START RAW DATA

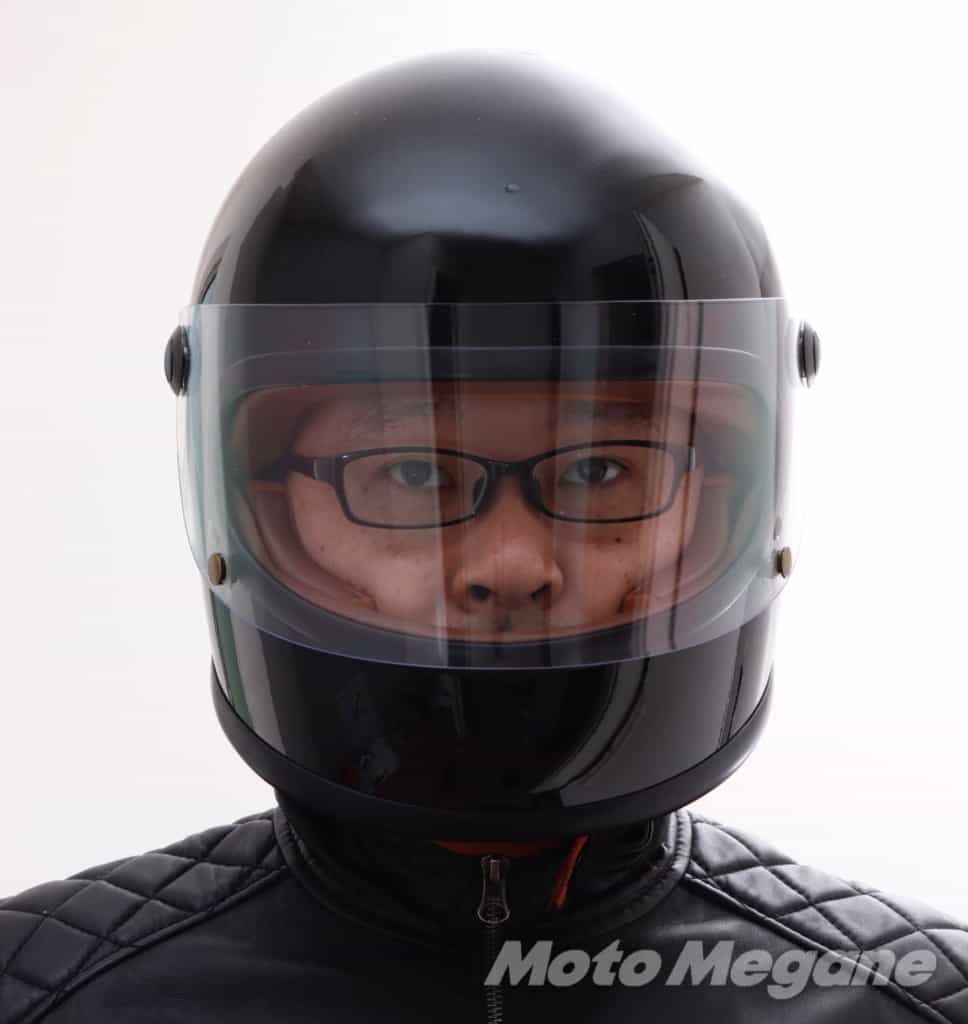 レトロなフォルムとカーボン素材の良いとこ取りしたフルフェイス「NV RoadRacer CARBON HYBRID」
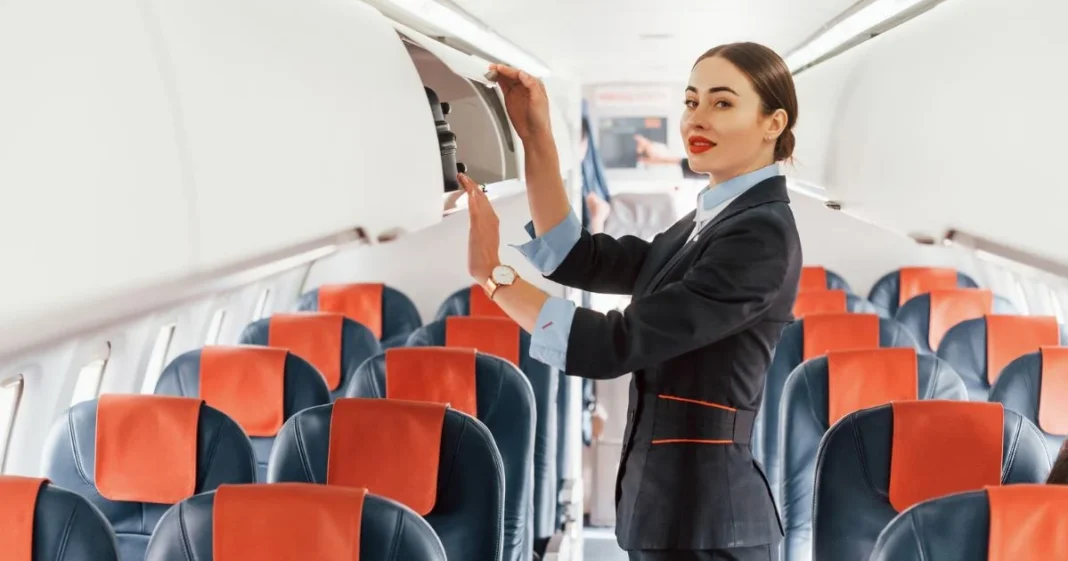 Surclassement en première classe : mythe ou réalité? découvrez la vérité Révélée par une hôtesse de l’air Hôtesse de l'air vérifiant la cabine de première classe.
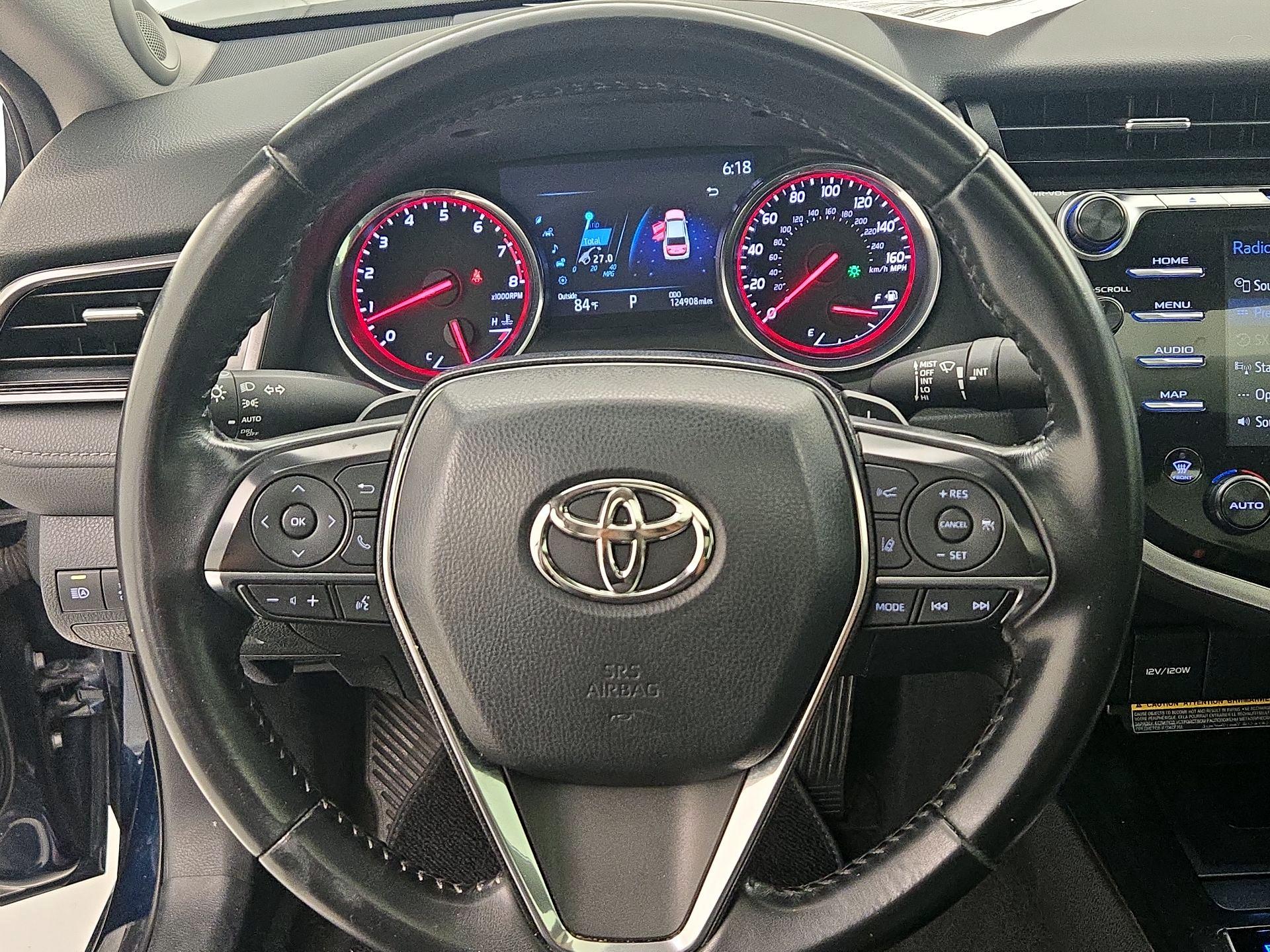 Thumbnail: 2019 Toyota Camry - 10
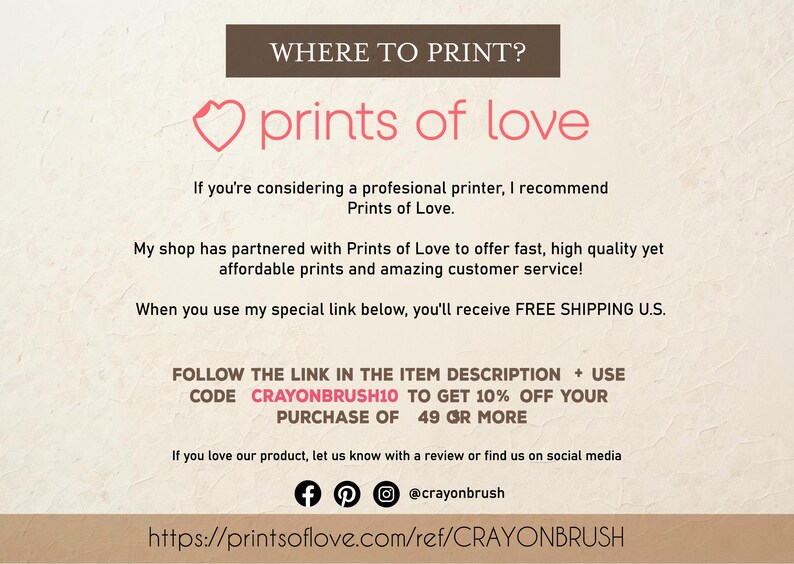 Pu&ograve; includere: Una grafica con il testo "WHERE TO PRINT?" e "prints of love" con un'icona a forma di cuore. Il testo sotto spiega che il negozio ha collaborato con Prints of Love per offrire stampe veloci, di alta qualit&agrave;, convenienti e un servizio clienti eccezionale. Il testo afferma anche che utilizzando il link speciale sottostante, riceverai la spedizione gratuita negli Stati Uniti. Il testo include anche un codice "CRAYONBRUSH10" per ottenere uno sconto del 10% sul tuo acquisto di 49 &euro; o pi&ugrave;. Il testo include anche un link al sito web di Prints of Love e icone dei social media.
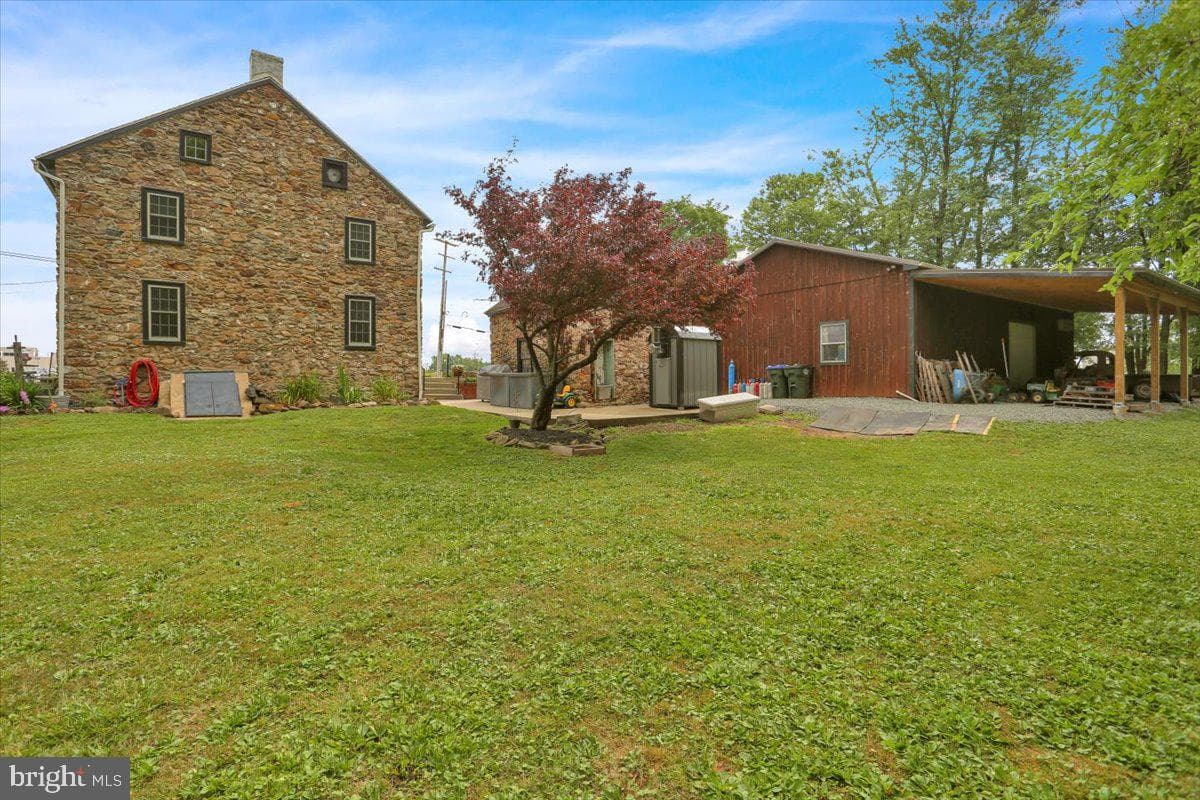 1050 Grosser Road photo 11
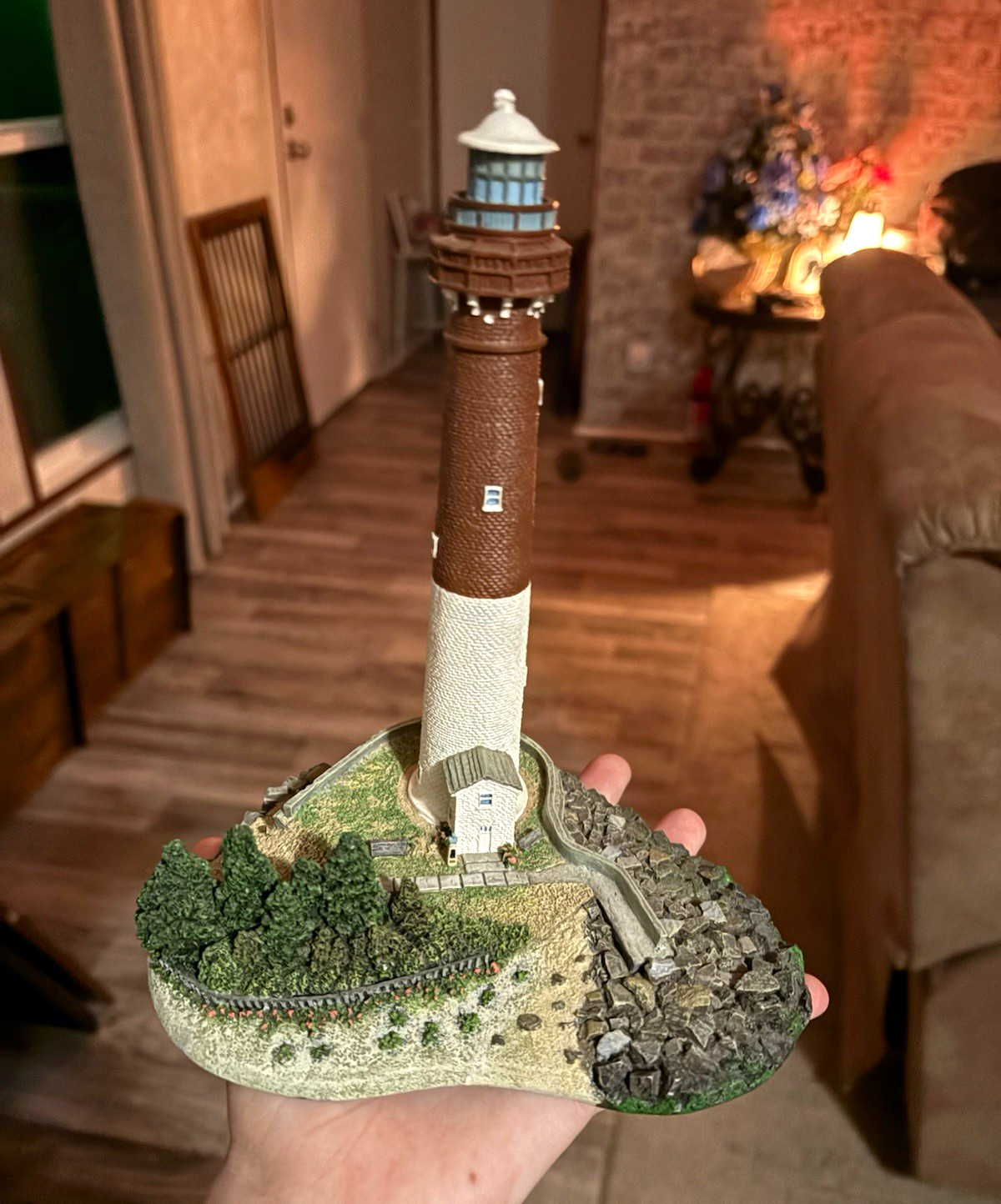 Harbour Lights Barnegat Lighthouse Figurine Resin Painted Long Beach Island NJ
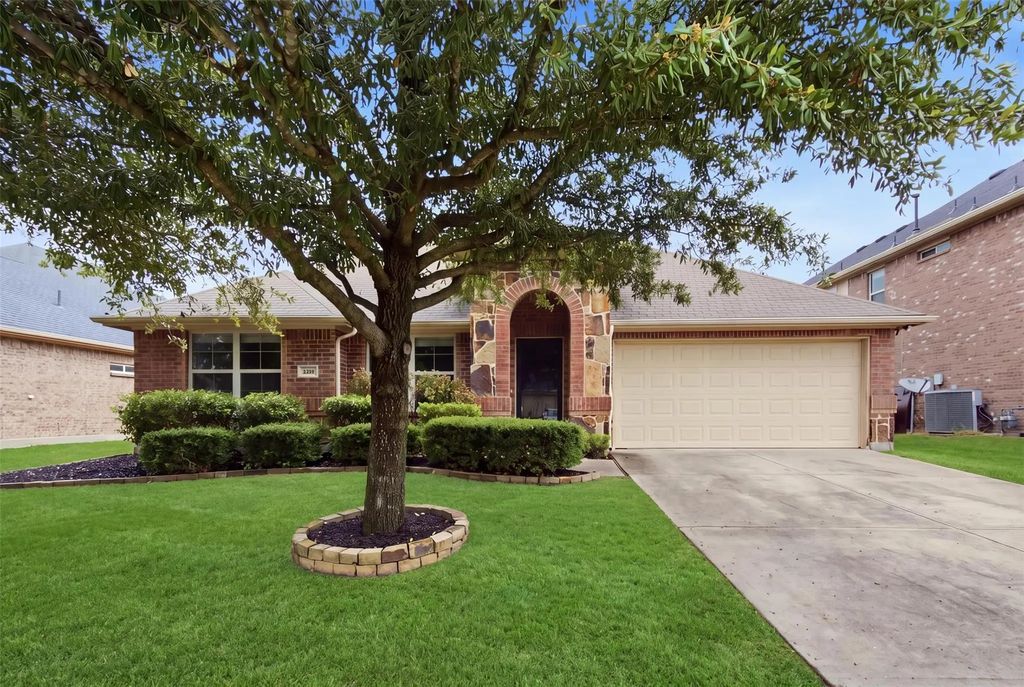 2912 Glenoaks Drive, Royse City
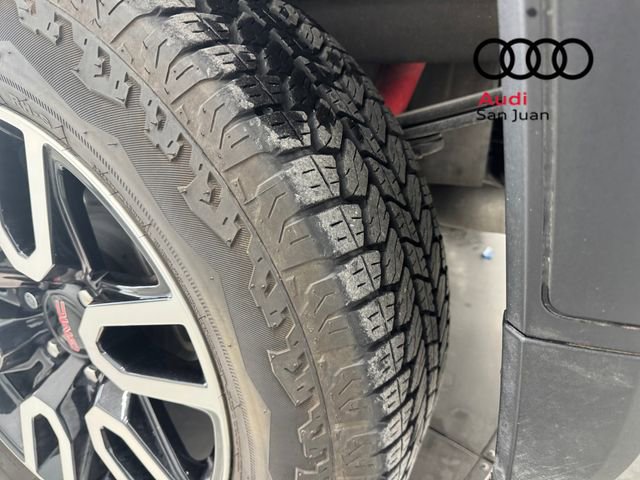 Used 2022 GMC Sierra 1500 AT4 w/ AT4 Premium Package image 12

END RAW DATA

=== WORK ITEM ===
Although the records contain pictures, the copy should consist of their text alone, reproduced exactly.

=== SOLUTION TO THIS TASK ===
 レトロなフォルムとカーボン素材の良いとこ取りしたフルフェイス「NV RoadRacer CARBON HYBRID」
 Surclassement en première classe : mythe ou réalité? découvrez la vérité Révélée par une hôtesse de l’air Hôtesse de l'air vérifiant la cabine de première classe.
 Thumbnail: 2019 Toyota Camry - 10
 Pu&ograve; includere: Una grafica con il testo "WHERE TO PRINT?" e "prints of love" con un'icona a forma di cuore. Il testo sotto spiega che il negozio ha collaborato con Prints of Love per offrire stampe veloci, di alta qualit&agrave;, convenienti e un servizio clienti eccezionale. Il testo afferma anche che utilizzando il link speciale sottostante, riceverai la spedizione gratuita negli Stati Uniti. Il testo include anche un codice "CRAYONBRUSH10" per ottenere uno sconto del 10% sul tuo acquisto di 49 &euro; o pi&ugrave;. Il testo include anche un link al sito web di Prints of Love e icone dei social media.
 1050 Grosser Road photo 11
 Harbour Lights Barnegat Lighthouse Figurine Resin Painted Long Beach Island NJ
 2912 Glenoaks Drive, Royse City
 Used 2022 GMC Sierra 1500 AT4 w/ AT4 Premium Package image 12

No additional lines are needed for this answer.